→ Work request
Write out exactly the lines of the entries below, from the first through the line containing "Песочница с навесом", and nothing beyond them.

--- Source material ---

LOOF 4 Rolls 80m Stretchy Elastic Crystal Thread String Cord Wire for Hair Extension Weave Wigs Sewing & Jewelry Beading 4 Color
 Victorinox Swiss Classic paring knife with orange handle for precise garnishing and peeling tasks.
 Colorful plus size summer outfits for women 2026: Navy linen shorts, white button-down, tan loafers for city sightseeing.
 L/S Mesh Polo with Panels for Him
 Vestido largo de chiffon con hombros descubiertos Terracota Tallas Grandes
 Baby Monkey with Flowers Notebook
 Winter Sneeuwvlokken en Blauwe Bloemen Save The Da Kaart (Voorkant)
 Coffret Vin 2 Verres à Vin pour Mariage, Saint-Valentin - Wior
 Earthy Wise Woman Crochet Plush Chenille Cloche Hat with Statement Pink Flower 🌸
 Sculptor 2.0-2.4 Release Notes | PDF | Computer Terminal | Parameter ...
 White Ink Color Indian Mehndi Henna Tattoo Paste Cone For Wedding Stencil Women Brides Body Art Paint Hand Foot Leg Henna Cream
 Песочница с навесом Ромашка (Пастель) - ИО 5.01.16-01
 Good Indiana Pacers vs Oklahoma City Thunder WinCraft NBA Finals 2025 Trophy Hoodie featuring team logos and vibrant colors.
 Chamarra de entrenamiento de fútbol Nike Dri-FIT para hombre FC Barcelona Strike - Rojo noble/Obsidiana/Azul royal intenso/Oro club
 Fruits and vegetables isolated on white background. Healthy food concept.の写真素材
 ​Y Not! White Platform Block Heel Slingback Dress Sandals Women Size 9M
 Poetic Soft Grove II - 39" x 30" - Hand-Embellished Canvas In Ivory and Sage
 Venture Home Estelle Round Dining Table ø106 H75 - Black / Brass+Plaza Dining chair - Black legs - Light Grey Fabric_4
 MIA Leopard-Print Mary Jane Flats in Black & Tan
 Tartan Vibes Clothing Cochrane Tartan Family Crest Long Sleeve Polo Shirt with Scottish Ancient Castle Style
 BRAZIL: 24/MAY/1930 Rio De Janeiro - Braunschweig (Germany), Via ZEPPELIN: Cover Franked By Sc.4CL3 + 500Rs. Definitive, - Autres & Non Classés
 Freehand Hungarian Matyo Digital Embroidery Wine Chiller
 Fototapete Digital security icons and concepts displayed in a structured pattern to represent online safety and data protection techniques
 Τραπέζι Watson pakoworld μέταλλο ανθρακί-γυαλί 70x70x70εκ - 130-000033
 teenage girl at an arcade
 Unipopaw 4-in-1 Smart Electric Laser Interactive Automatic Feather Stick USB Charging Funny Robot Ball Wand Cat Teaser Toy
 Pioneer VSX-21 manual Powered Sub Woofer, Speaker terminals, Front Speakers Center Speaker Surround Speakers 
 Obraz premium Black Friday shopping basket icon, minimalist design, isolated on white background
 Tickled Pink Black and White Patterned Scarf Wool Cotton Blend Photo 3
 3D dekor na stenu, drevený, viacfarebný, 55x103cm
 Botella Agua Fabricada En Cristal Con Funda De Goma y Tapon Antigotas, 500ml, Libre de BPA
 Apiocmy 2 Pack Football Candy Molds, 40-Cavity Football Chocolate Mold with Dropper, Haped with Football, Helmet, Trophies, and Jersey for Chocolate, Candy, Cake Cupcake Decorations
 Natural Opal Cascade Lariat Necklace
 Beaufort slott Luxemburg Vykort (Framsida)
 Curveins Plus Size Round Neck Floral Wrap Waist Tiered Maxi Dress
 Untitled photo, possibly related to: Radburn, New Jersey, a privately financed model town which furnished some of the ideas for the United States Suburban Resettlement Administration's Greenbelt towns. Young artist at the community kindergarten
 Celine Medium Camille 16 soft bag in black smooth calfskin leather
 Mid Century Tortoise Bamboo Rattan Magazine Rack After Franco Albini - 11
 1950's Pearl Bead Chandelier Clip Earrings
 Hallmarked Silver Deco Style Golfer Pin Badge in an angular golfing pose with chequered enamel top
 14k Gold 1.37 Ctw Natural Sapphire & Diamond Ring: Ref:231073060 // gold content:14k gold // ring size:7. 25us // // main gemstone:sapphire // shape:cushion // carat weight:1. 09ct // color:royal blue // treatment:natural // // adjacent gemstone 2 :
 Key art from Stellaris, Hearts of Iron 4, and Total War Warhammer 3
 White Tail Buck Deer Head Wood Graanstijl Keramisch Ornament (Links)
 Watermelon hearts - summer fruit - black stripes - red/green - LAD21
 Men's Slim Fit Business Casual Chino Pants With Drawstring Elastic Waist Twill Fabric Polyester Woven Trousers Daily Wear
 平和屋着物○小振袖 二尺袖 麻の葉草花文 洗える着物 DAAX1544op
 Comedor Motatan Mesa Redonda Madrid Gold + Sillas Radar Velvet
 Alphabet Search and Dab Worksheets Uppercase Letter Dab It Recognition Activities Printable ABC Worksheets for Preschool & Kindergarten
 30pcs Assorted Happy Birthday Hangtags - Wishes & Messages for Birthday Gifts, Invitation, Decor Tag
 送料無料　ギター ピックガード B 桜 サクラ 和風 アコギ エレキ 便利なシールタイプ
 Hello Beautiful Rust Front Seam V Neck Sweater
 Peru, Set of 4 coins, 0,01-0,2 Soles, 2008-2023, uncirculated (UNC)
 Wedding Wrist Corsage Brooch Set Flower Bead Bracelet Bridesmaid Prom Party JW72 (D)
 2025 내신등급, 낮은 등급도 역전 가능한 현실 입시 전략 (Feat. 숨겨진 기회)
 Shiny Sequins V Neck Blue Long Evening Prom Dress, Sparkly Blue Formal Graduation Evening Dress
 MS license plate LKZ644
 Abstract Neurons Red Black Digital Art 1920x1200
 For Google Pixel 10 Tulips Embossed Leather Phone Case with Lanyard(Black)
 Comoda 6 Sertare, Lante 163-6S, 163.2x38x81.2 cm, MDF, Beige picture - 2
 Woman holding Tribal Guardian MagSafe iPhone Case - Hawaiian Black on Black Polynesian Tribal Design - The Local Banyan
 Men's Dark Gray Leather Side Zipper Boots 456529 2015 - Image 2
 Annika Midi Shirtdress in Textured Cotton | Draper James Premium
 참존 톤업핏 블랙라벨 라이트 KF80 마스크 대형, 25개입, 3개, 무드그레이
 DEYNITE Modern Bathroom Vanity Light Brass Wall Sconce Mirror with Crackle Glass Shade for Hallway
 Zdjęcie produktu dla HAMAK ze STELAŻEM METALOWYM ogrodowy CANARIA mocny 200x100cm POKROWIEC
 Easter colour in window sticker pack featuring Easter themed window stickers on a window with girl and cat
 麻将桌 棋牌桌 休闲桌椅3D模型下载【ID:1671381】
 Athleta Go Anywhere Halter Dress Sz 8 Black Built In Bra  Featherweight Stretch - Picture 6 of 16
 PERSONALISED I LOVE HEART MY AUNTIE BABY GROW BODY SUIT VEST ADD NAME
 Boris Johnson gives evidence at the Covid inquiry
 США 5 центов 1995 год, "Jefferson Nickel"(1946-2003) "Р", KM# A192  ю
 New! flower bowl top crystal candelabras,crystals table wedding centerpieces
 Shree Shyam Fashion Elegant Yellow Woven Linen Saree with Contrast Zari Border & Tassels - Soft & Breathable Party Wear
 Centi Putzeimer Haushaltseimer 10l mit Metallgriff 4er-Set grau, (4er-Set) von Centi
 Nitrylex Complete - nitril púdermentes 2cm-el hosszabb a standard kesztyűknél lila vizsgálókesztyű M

---

→ Answer box
LOOF 4 Rolls 80m Stretchy Elastic Crystal Thread String Cord Wire for Hair Extension Weave Wigs Sewing & Jewelry Beading 4 Color
 Victorinox Swiss Classic paring knife with orange handle for precise garnishing and peeling tasks.
 Colorful plus size summer outfits for women 2026: Navy linen shorts, white button-down, tan loafers for city sightseeing.
 L/S Mesh Polo with Panels for Him
 Vestido largo de chiffon con hombros descubiertos Terracota Tallas Grandes
 Baby Monkey with Flowers Notebook
 Winter Sneeuwvlokken en Blauwe Bloemen Save The Da Kaart (Voorkant)
 Coffret Vin 2 Verres à Vin pour Mariage, Saint-Valentin - Wior
 Earthy Wise Woman Crochet Plush Chenille Cloche Hat with Statement Pink Flower 🌸
 Sculptor 2.0-2.4 Release Notes | PDF | Computer Terminal | Parameter ...
 White Ink Color Indian Mehndi Henna Tattoo Paste Cone For Wedding Stencil Women Brides Body Art Paint Hand Foot Leg Henna Cream
 Песочница с навесом Ромашка (Пастель) - ИО 5.01.16-01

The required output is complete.